In it, he said he hired outside counsel, led by former U.S. Attorney General Eric Holder, to investigate the charges by a former female engineer and also the wider cultural problems across Uber. It was already announced that board member Arianna Huffington and HR head Liane Hornsey will also be part of the investigation. Also added to the team: Associate general counsel Angela Padilla.
Huffington and Hornsey will also be conducting one-on-one “listening sessions” with staff after an all-hands meeting tomorrow.
Said Kalanick: “I believe in creating a workplace where a deep sense of justice underpins everything we do. Every Uber employee should be proud of the culture we have and what we will build together over time. What is driving me through all this is a determination that we take what’s happened as an opportunity to heal wounds of the past and set a new standard for justice in the workplace. It is my number one priority that we come through this a better organization, where we live our values and fight for and support those who experience injustice.”
That justice line might ring false to some and definitely too little too late for many, since the company has had a series of missteps — a kind way of putting it — related to women. That includes tasteless ads, rude remarks from Kalanick, bizarre threats aimed at a female reporter by a top exec and, perhaps most importantly, allegations that Uber has not taken the safety of women passengers seriously enough.
In addition, the company got in deep trouble recently around the immigration ban, from the way it reacted to a recent taxi strike to Kalanick’s service on President Donald J. Trump’s business advisory board, from which he recently resigned. The result was a massive online protest under the #deleteUber hashtag, which resulted in more than 200,000 account deletions.
Kalanick also said he would release diversity numbers, which he had declined to do in the past. He revealed that 15.1 percent of its technical staff were women, although he did not provide more specifics, compared to 17 percent of Facebook employees and 18 percent at Google. But lower numbers he cited for Twitter were inaccurate.
There will be more information to come, he promised.

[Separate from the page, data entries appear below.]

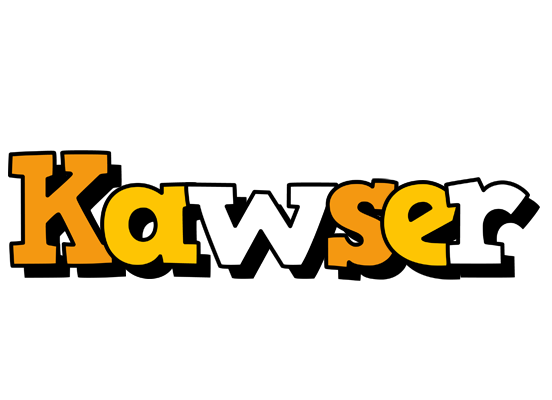 Kawser cartoon logo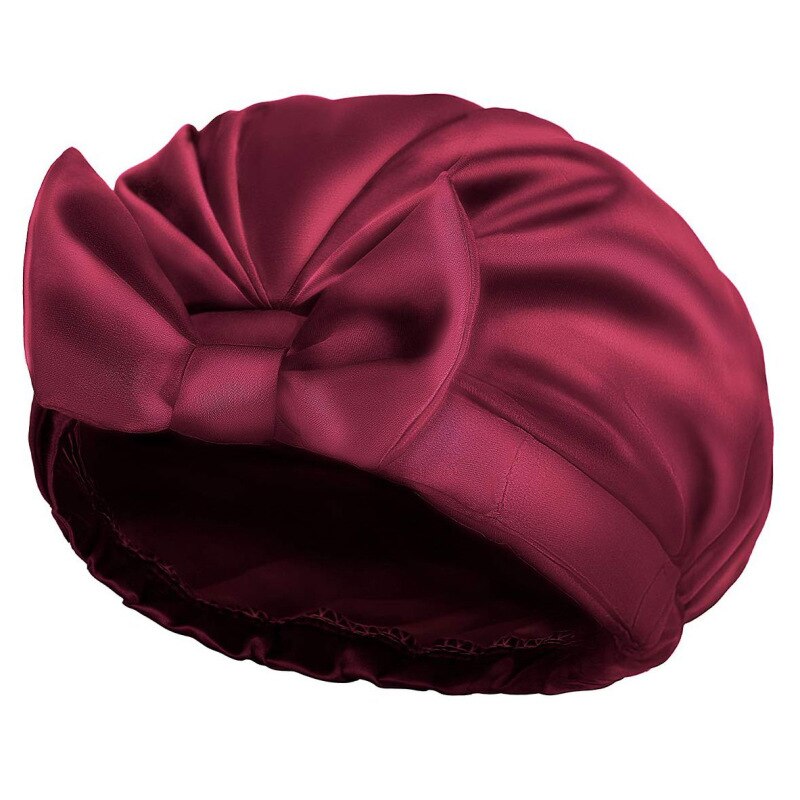 Zijde Bonnet Voor Krullend Haar Wraps Voor Slapen, Satijnen Sjaal Voor Haar Wikkelen: 6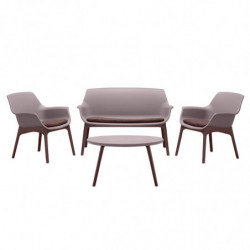 SET SALON SOFA 2 SILLAS Y...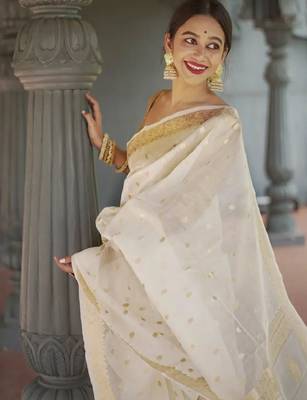 Woven design zari kanjeevaram saree 3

Here is Kalanick’s memo in full:
It’s been a tough 24 hours. I know the company is hurting, and understand everyone has been waiting for more information on where things stand and what actions we are going to take.

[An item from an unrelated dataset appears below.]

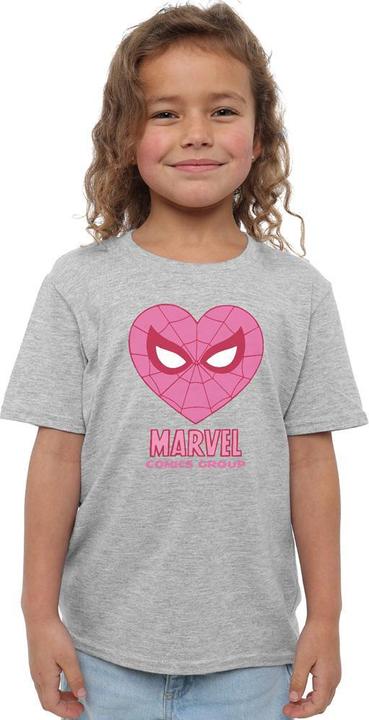 Actual product image Spiderman Childrens/Kids Heart T-Shirt (152, 158)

First, Eric Holder, former US Attorney General under President Obama, and Tammy Albarran -- both partners at the leading law firm Covington & Burling-- will conduct an independent review into the specific issues relating to the work place environment raised by Susan Fowler, as well as diversity and inclusion at Uber more broadly. Joining them will be Arianna Huffington, who sits on Uber’s board, Liane Hornsey, our recently hired Chief Human Resources Officer, and Angela Padilla, our Associate General Counsel. I expect them to conduct this review in short order.

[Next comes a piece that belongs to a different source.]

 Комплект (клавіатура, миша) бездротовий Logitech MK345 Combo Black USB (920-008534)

Second, Arianna is flying out to join me and Liane at our all hands meeting tomorrow to discuss what’s happened and next steps. Arianna and Liane will also be doing smaller group and one-on-one listening sessions to get your feedback directly.
Third, there have been many questions about the gender diversity of Uber’s technology teams. If you look across our engineering, product management, and scientist roles, 15.1% of employees are women and this has not changed substantively in the last year. As points of reference, Facebook is at 17%, Google at 18% and Twitter is at 10%. Liane and I will be working to publish a broader diversity report for the company in the coming months.
I believe in creating a workplace where a deep sense of justice underpins everything we do. Every Uber employee should be proud of the culture we have and what we will build together over time. What is driving me through all this is a determination that we take what’s happened as an opportunity to heal wounds of the past and set a new standard for justice in the workplace. It is my number one priority that we come through this a better organization, where we live our values and fight for and support those who experience injustice.